Down in the Tube Station at Midnight was taken from the album All Mod Cons, released in October 1978. The single was notorious in that it was banned by the BBC for its “disturbing” lyrics, despite the fact it was an anti-racism song.

It described a youth who was attacked by a gang of skinheads as he travelled on the Tube alone at midnight. Unfortunately, some DJs totally missed the point of the song and the fact it was against racism. Radio 1 DJ Tony Blackburn famously said, “It’s disgusting the way punks sing about violence.”

The Jam weren’t punks and the song vilified violence, so the Radio 1 stalwart got it wrong on both counts. However, BBC chiefs agreed with his sentiments and banned the song. In spite of this, it rose to number 15 in the singles chart, with no BBC airplay or appearances on Top of the Pops.

 

Background

In his teens, Weller loved London and would regularly catch a train from Woking to the capital, carrying a tape recorder to capture the sounds. It was reported that after writing and recording new material for The Jam over a six-month period, Weller suffered burnout and hit a writer’s block.

Feeling cynical after his experience, it was said that this spurred the bitter lyrics of Down in the Tube Station at Midnight. It was written from the point of view of a young man, on his way home to the suburbs, who was attacked by a gang of skinheads for no reason as he bought his ticket from a self-service machine. The sound at the start of the song is a real Underground train, recorded at St John’s Wood Station.

Weller said in an interview that the song had been a long poem originally, but producer Vic Coppersmith-Heaven had helped him to shape it into a song. Weller hadn’t wanted to release the track initially, rejecting it because he felt the musical arrangement hadn’t been sufficiently developed during the recording.

However, Coppersmith-Heaven persuaded the artist to release it, telling him he thought the song was great and that he should do some further work on it. The producer said he was “insistent” on Weller reviving the song. With the help of the band, it turned into a “classic and brilliant track”, according to the producer.

 

Later career

During their career, The Jam released a total of 19 singles, six studio albums, three live albums, 14 compilation albums and three EPs. The band’s 1982, album, The Gift, reached number one in the UK and was loved by the critics and fans alike.

The Jam

However, to everyone’s surprise (including Foxton and Buckler), on 30th October 1982, Weller announced the band was splitting up. They had just finished a UK tour, appeared on Top of the Pops to promote Beat Surrender and had played five sell-out nights at Wembley Arena. All the tickets had been sold within 20 minutes of becoming available.

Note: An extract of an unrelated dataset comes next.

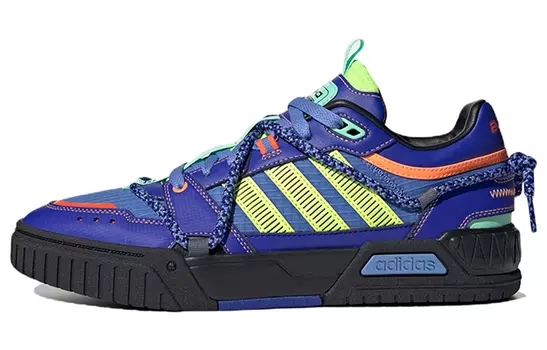 Обувь для скейтбординга Adidas Neo D-PAD унисекс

Their final gig took place at Brighton Conference Centre on 11th December 1982. Weller explained he had taken the decision to disband because he didn’t want The Jam to continue indefinitely, merely because they were successful. He said he wanted to see what he was capable of while ending The Jam at their peak, rather than “getting embarrassing” by “trying to go on forever.”

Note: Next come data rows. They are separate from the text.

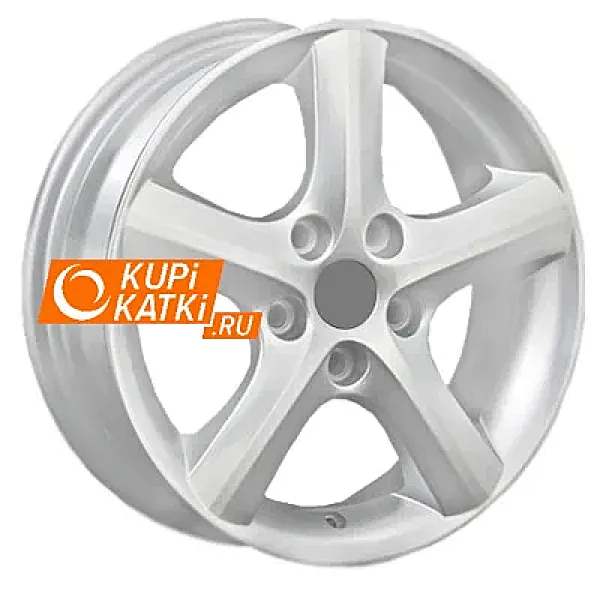 Replay SZ8 6x16/5x114.3 D60.1 ET50 White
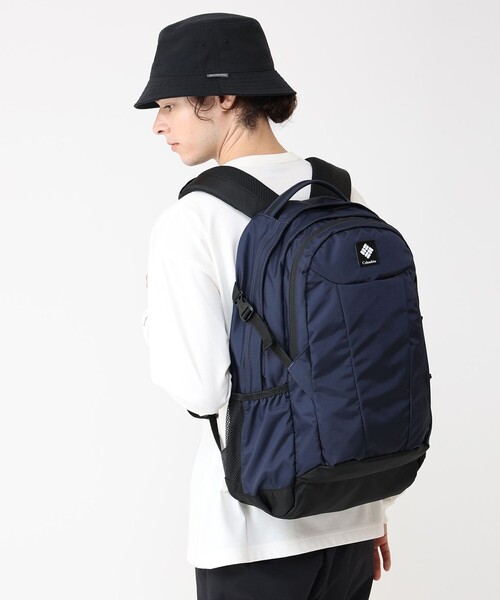 COLUMBIA バックパック　33L Columbia デイバック リュック Columbia／パナシーア33L バック
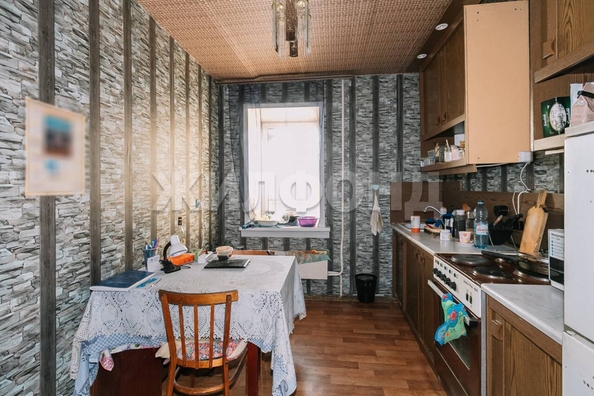 
   Продам 1-комнатную, 33.3 м², Мичурина ул, 29

. Фото 7.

Buckler and Foxton were said to be shocked, as they had wanted to keep the band together. Buckler later said that up to the end of 1982, he kept thinking that maybe Weller would change his mind. However, this didn’t happen, and they went their separate ways.

Weller went on to form the Style Council in 1983 with keyboard player Mick Talbot. They enjoyed commercial success, although not on the same scale as The Jam. They split in 1989 and Weller became a solo artist.

Foxton also embarked on a solo career, with moderate success. He went on to join Stiff Little Fingers in 1990 and stayed with the band until 2006.

Buckler formed a new band, Time UK, after The Jam split, but they folded after releasing three singles. Buckler went on to form another band, The Gift, in 2006 and Foxton played a few live gigs with them. Today, all three artists are working independently of each other.